PROBLEM
Drop all images. Then write out each line below exactly as given.

EXERCISE DATA
==*==
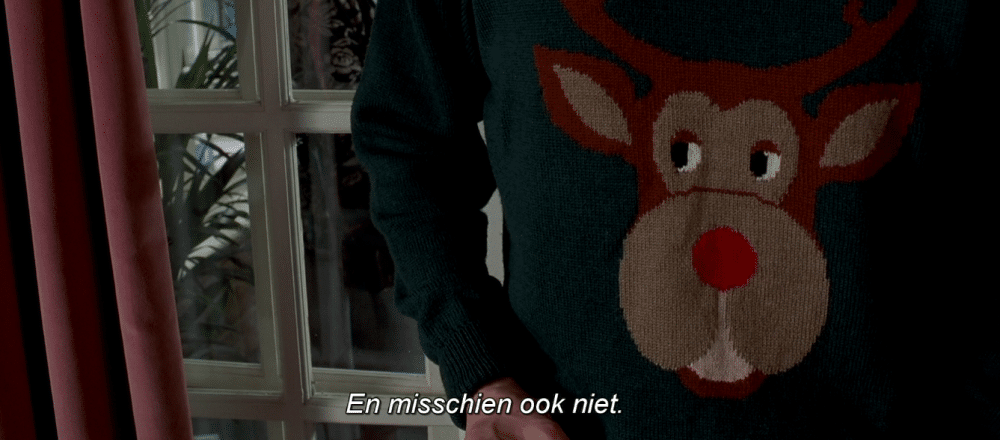 lol01.png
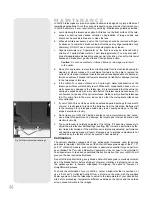 Preview for 44 page of Meade LX200GPS Instruction Manual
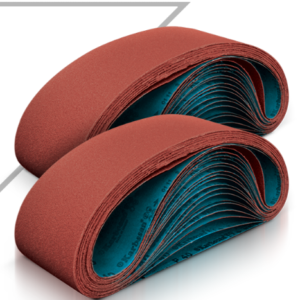 CEYYR21 Sonsuz Bant Zımpara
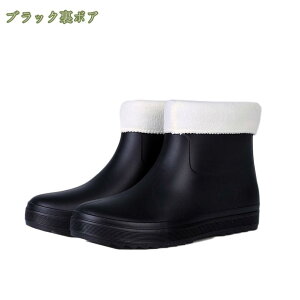 1000~OFFN[| C Y _ y y y C V[g GAo[V[gu[c u[c Cu[c h _炩  J Lv K[fjO AEghA ʋ ʊw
==*==
FINISHED TASK
 lol01.png
 Preview for 44 page of Meade LX200GPS Instruction Manual
 CEYYR21 Sonsuz Bant Zımpara
 1000~OFFN[| C Y _ y y y C V[g GAo[V[gu[c u[c Cu[c h _炩  J Lv K[fjO AEghA ʋ ʊw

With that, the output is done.